Blanche Lazzell (1878 – 1956) was an American painter, printmaker and designer. Known especially for her white-line woodcuts, she was an early modernist American artist, bringing elements of Cubism and abstraction into her art.
Born in a small farming community in West Virginia, Lazzell traveled to Europe twice, studying in Paris with French artists Albert Gleizes, Fernand Leger and Andre Lhote. In 1915, she began spending her summers in the Cape Cod art community of Provincetown, Massachusetts and eventually settled there permanently. She was one of the founding members of the Provincetown Printers, a group of artists who experimented with a white-line woodcut technique based on the Japanese ukiyo-e woodblock prints.

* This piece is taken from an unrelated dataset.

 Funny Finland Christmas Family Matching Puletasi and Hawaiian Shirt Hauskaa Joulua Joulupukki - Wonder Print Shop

In 1919 Lazzell was featured in an exhibition in Manhattan at the Touchstone Gallery alongside Weinrich, Mary Kirkup, and Flora Schoenfeld. Later that year, the Provincetown Printers were featured at the Detroit Institute of Arts exhibition "Wood Block Prints in Color by American Artists." Critics and galleries associated the Provincetown Printers with Modernist schools of painting and the artist collective continued to receive national exposure over the next few years with exhibitions in Chicago, Los Angeles, Philadelphia, Baltimore, and New Orleans.

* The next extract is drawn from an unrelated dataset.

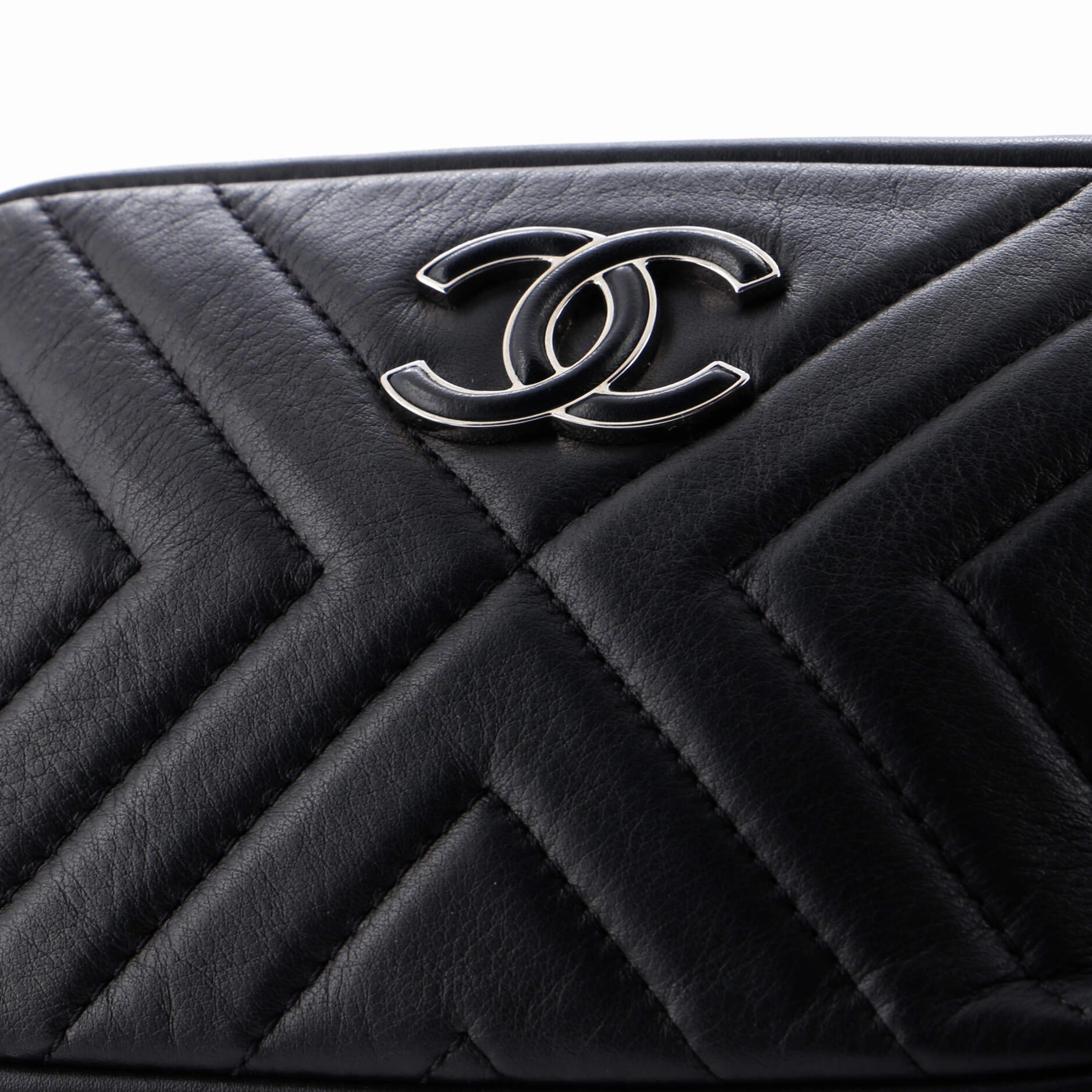 CC Tassel Camera Bag Diagonal Chevron Calfskin Mini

While Lazzell is most well known for her white-line woodcuts, she also created ceramics, hooked rugs, paintings, and gouache studies. The subjects of her paintings and prints included landscape scenery and harbor scenes in Provincetown as well as flowers and still lifes. These and her abstract works incorporated elements of both Synthetic and Analytic cubism and frequently comprised arrangements of vibrantly colored geometric shapes. She was among the earliest women artists in the United States to work in a modernist style.
Lazzell's paintings demonstrated a rich and nuanced use of color. She preferred French watercolor pigments that, alongside the grain of the woodblocks, created embossed lines and striated patterns. Typically the woodblocks she created were made from cherry or basswood and she only pulled three or four prints from each woodblock. From 1916 to 1955, Lazzell created 138 woodblocks. Modern exhibitions of Lazzell's artworks have included the woodblocks themselves.